Impor beras memang menggiurkan. Ini karena disparitas harga beras domestik dan di pasar internasional amat tinggi. Harga eceran beras medium di pasar dunia cukup rendah, per 23 April 2015 tercatat 335–365 dolar AS per ton untuk beras Thailand 25 persen broken, dan 330–340 dolar AS per ton untuk Vietnam 25 persen broken. Dengan kurs 1 dolar AS setara Rp 13 ribu, harga beras di pasar dunia hanya berkisar Rp 5.500 – Rp 6.500 per kg.

Betapa menggiurkan untung yang bisa ditangguk? "Memanen beras di pasar" alias impor, dan bukan panen di lahan, selalu jadi jurus pamungkas. Seolah-olah semua jalan sudah buntu.
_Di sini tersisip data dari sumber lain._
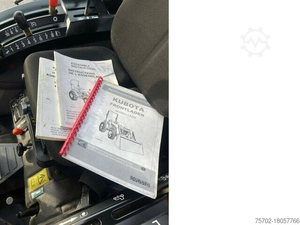 Chargeur frontal Kubota B2650 avec chargeur frontal et godet - Product Image 6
Tidak pernah diperhitungkan efek berantai impor beras. Mengimpor beras dari luar negeri, walaupun dengan harga yang lebih murah ketimbang harga beras petani domestik, akan menimbulkan dampak sosial berbeda. Bedanya, kalau mengimpor beras dari luar negeri akan menimbulkan efek berantai di luar negeri, yaitu apa yang dalam konsep ekonomi disebut efek pengganda (multiplier effect).

Sebaliknya, jika membeli beras petani domestik meskipun lebih mahal, akan menciptakan efek berantai di dalam negeri. Efek berantai itu dalam bentuk konsumsi, pendapatan, dan penyerapan tenaga kerja (Arief, 2001). Inilah bedanya efisiensi komersial dan efisiensi sosial. Mengapa Jepang begitu protektif pada beras produksi petaninya? Ini tidak lain karena Jepang lebih mengedepankan efisiensi sosial, bukan efisiensi ekonomi, apalagi efisiensi komersial.
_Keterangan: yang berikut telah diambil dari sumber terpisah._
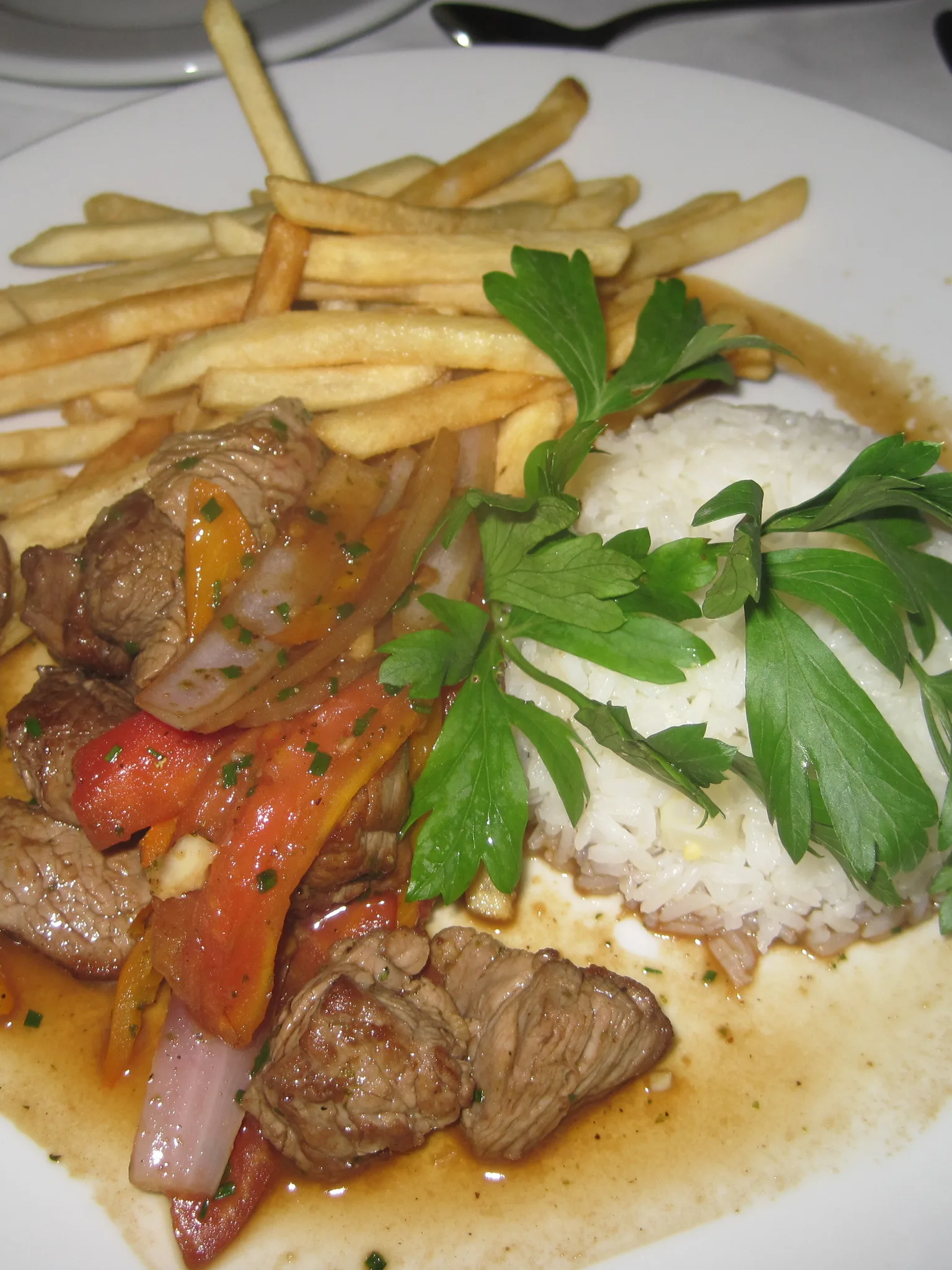 Lomo saltado: Lomo saltado de la Tiendecita Blanca Miraflores, Lima, Peru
Situasi di lapangan tidak mudah bagi Bulog menyerap gabah atau beras. Di satu sisi, ada tuntutan kuat agar Bulog menjaga kualitas beras. Ini terkait keluhan buruknya kualitas beras untuk rakyat miskin (raskin) yang selalu berulang. Di sisi lain, bila berkeras menjaga kualitas besar kemungkinan Bulog tidak mendapatkan gabah atau beras.
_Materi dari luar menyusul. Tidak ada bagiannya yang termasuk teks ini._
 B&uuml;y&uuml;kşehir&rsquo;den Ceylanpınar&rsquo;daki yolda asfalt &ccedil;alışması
Di Inpres Perberasan No 5/2015, harga pembelian pemerintah (HPP) beras kualitas medium di gudang Bulog dipatok Rp 7.300 per kg. Di sisi lain, harga beras serupa di pasaran masih tinggi: Rp 9.954 per kg. Bahkan, di Jakarta Rp 10.720 per kg (www.kemendag.go.id, diakses 14 Mei 2015). Tanpa exit policy, penyerapan gabah atau beras Bulog tidak akan membaik.

Salah satu exit policy yang bisa dipilh adalah membuka peluang Bulog membeli gabah atau beras lewat jalur komersial. Lewat jalur ini Bulog bisa membeli gabah atau beras dengan harga berapa pun, sesuai harga pasaran. Kebijakan semacam ini pernah diterapkan pada 2011.

Jika ini ditempuh, Bulog harus memaksimalkan penyerapan dalam sisa panen raya dan panen gadu. Masalahnya, opsi ini ibarat berjudi: ada peluang untung, tetapi bisa pula merugi. Saat dipimpin Mustafa Abubakar, pada 2009 Bulog membeli beras besar-besaran melalui jalur komersial. Cadangan aman, harga beras dan inflasi terkendali. Impor juga tidak terjadi. Namun, Bulog merugi Rp 200 miliar karena harga beras kemudian jatuh.

Sebagai Perum, salah satu tugas direksi Bulog adalah mencari laba sehingga bisa menyetorkan keuntungan pada negara. Jika merugi akibat melaksanakan tugas sosial, seperti menyerap gabah atau beras domestik, mengelola cadangan beras pemerintah, dan mengelola raskin, dewan direksi bisa dipecat setiap saat karena dianggap tidak perform.

Mestinya, sebagai pelaksana tugas sosial dari pemerintah (baca: negara) konsekuensi apa pun yang muncul, termasuk kerugian, ini sesuatu yang given. Bulog, terutama direksi, tidak bisa serta-merta dinilai tidak perform karena menjalankan tugas-tugas public service obligation itu. Untuk menghindari moral hazard, Bulog harus diawasi superketat. Sepanjang Bulog tidak dibebaskan dari beban menanggung potensi kerugian akibat pengadaan lewat jalur komersial, penyerapan beras tidak akan beranjak membaik.